Next: 3.2 Installation of Condor
Up: 3. Administrators' Manual
Previous: 3. Administrators' Manual
Subsections
3.1 Introduction
This is the Condor Administrator's Manual. Its purpose is to aid in
the installation and administration of a Condor pool. For help on
using Condor, see the Condor User's Manual.
A Condor pool is comprised of a single machine which serves as the
Central Manager, and an arbitrary number of other machines that
have joined the pool. Conceptually, the pool is a collection of
resources (machines) and resource requests (jobs). The role of Condor
is to match waiting requests with available resources. Every part of
Condor sends periodic updates to the Central Manager, the centralized
repository of information about the state of the pool. Periodically,
the Central Manager assesses the current state of the pool and tries
to match pending requests with the appropriate resources.

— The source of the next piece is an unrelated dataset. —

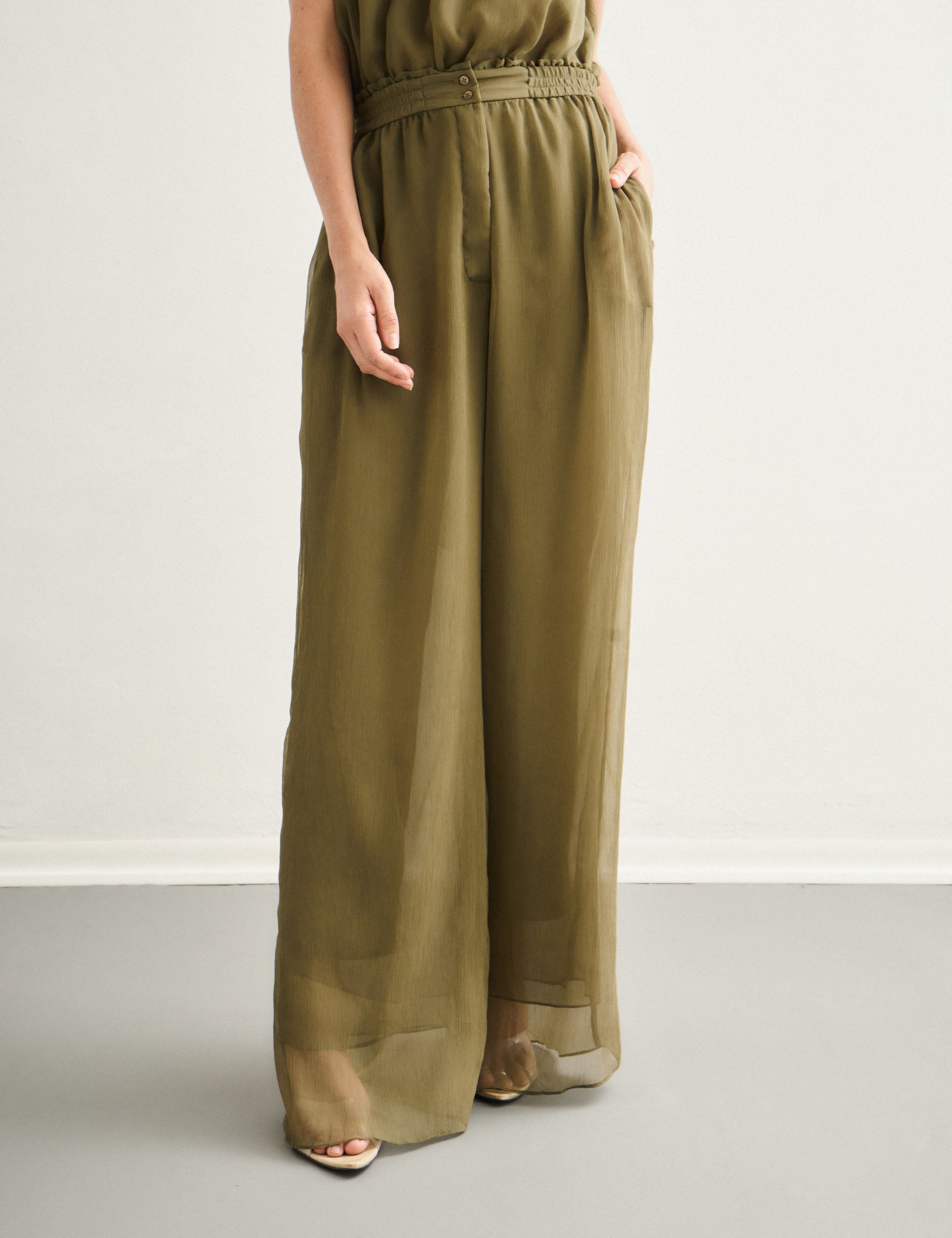 Calça Amélia Fluida Oliva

Each resource has an owner, the user who works at the machine. This
person has absolute power over their own resource and Condor goes out
of its way to minimize the impact on this owner caused by Condor. It
is up to the resource owner to define the policy of when requests are
serviced and when they are denied on their resource.
On the other hand, each resource request has an owner as well, the
user who submitted the job. These people want Condor to provide as
many CPU cycles as possible for their work. Often the interests of
the resource owners are in conflict with the interests of the resource
requesters.
The job of the Condor administrator is to configure the Condor pool to
find the happy medium that keeps both resource owners and the users of
the pool satisfied. The purpose of this manual is to help you
understand the mechanisms that Condor provides to enable you to find
this happy medium for your particular set of users and resource owners.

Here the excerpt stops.